> [WORK ORDER]: Transcribe each entry exactly as it appears, leaving out any picture it holds.

> [LISTED RECORDS]:
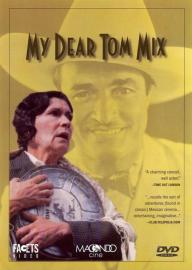 My dear Tom Mix filmas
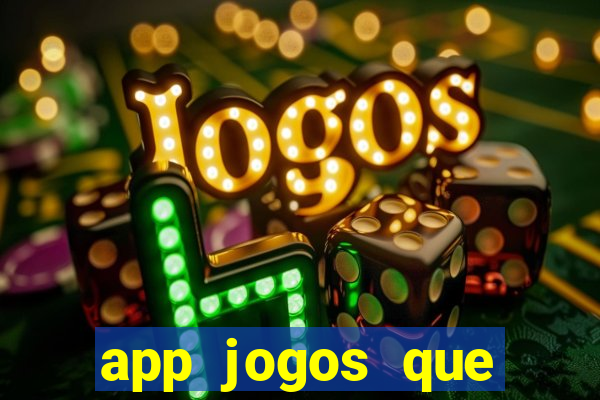 app jogos que ganha dinheiro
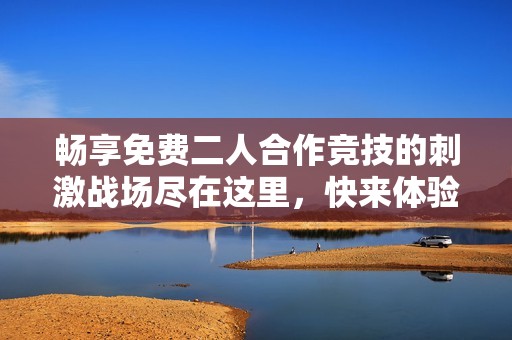 暢享免費二人合作競技的刺激戰(zhàn)場盡在這里，快來體驗吧！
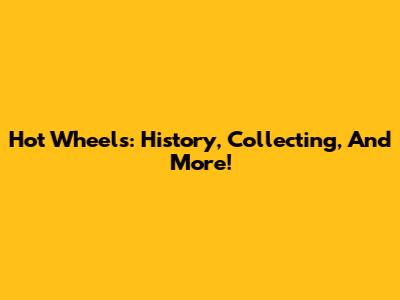 Hot Wheels: History, Collecting, And More!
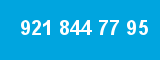 921 844 77 95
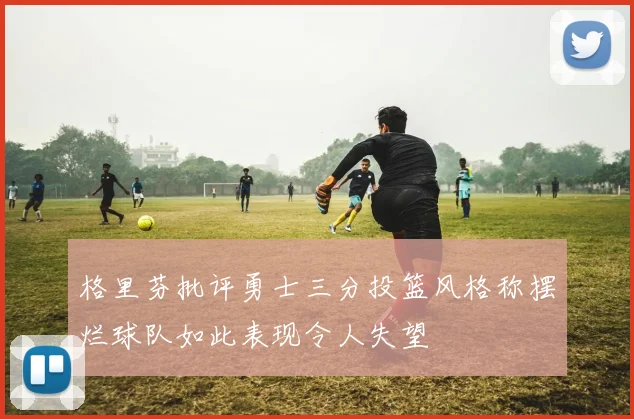 格里芬批评勇士三分投篮风格称摆烂球队如此表现令人失望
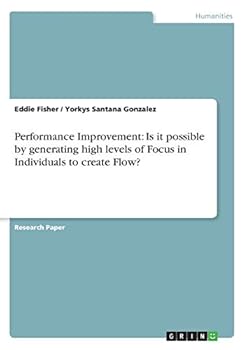 Paperback Performance Improvement: Is it possible by generating high levels of Focus in Individuals to create Flow? Book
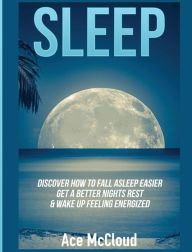 Title: Sleep: Discover How To Fall Asleep Easier, Get A Better Nights Rest & Wake Up Feeling Energized, Author: Ace McCloud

> [SOLUTION FOR THIS EXERCISE]:
 My dear Tom Mix filmas
 app jogos que ganha dinheiro
 暢享免費二人合作競技的刺激戰(zhàn)場盡在這里，快來體驗吧！
 Hot Wheels: History, Collecting, And More!
 921 844 77 95
 格里芬批评勇士三分投篮风格称摆烂球队如此表现令人失望
 Paperback Performance Improvement: Is it possible by generating high levels of Focus in Individuals to create Flow? Book
 Title: Sleep: Discover How To Fall Asleep Easier, Get A Better Nights Rest & Wake Up Feeling Energized, Author: Ace McCloud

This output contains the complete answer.